Water temperatures in the Australian state of Tasmania have been up to four degrees Celsius hotter than average over the past three months, and scientists have blamed the region's on-going extreme weather on rampant climate change.
Tasmania has already been ravaged by drought, flood and fires this summer, and on Wednesday researchers revealed the state's underwater environments had also been affected by the hotter than normal summer.
Dr Alistair Hobday, from Australia's Commonwealth Science and Industrial Research Organization (CSIRO), said Tasmania's seas had been heating up at an alarming rate since December.
"Tasmanian waters have been incredibly hot," Hobday told the Australian Broadcasting Corporation (ABC) on Wednesday.
"Since satellite records began in the early 1980s we've never seen an event like this."
Despite a collection of such severe weather events having never been recorded in the state before this summer, Hobday said people could expect more of the same in coming years.

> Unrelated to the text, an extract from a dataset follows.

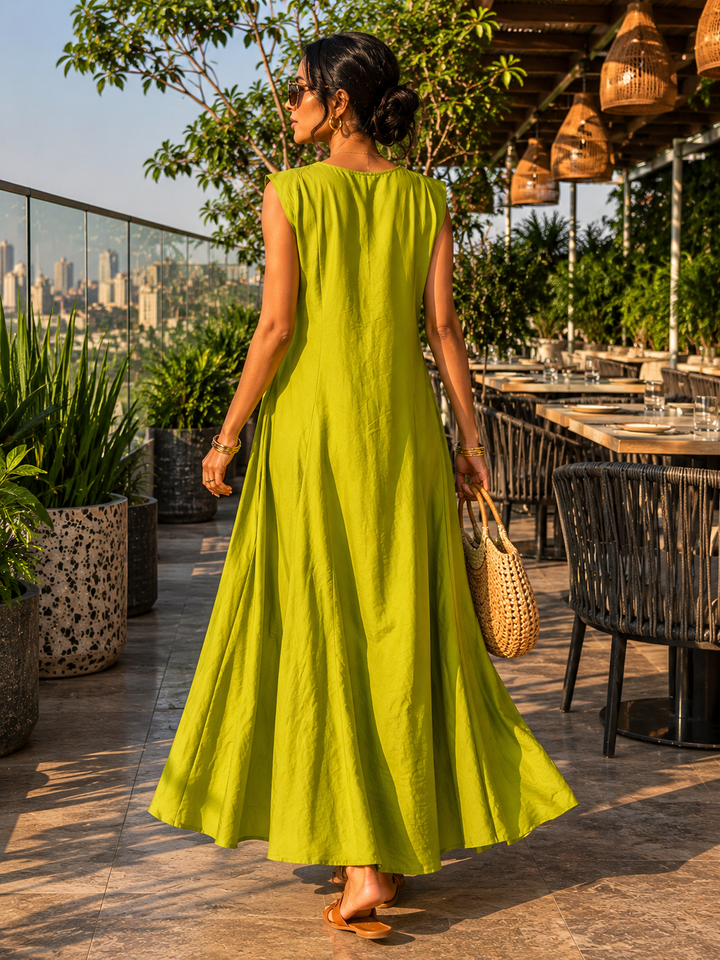 Romina V - Neck Dress Lime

"Tasmania's had perhaps a window into the future this summer," Hobday said.
"This summer Tasmania has experienced really dry conditions that led to bushfires in the north of the state."

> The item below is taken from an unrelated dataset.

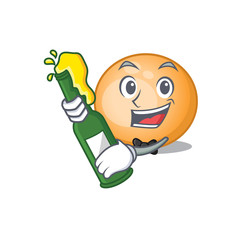 Mascot character design of staphylocuccus aureus say cheers with bottle of beer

"Then we had really strong periods of rainfall, massive flooding in parts of Tasmania, and then off our coast this marine heatwave was occurring at the same time -- three really surprising environmental things in Tasmania."
The CSIRO believes the marine heatwave has been caused by a mixture of the East Australian Current bringing warm waters south and Australia's deepening El Nino, which the Australian Bureau of Meteorology has tipped to ease by mid-2016.

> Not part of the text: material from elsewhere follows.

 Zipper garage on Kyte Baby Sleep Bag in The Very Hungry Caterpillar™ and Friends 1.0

Substantial changes in water temperature can cause irreparable damage to marine environments.
Further north in Queensland, Australia's Great Barrier Reef is undergoing its third "bleaching event" in the past 18 years, which has impacted 93 percent of the ecosystem's coral.
Hobday said Tasmania's native marine life faced a similar fate.
"Some animals will be stressed and will die but we'll see new species come into Tasmanian waters," he said.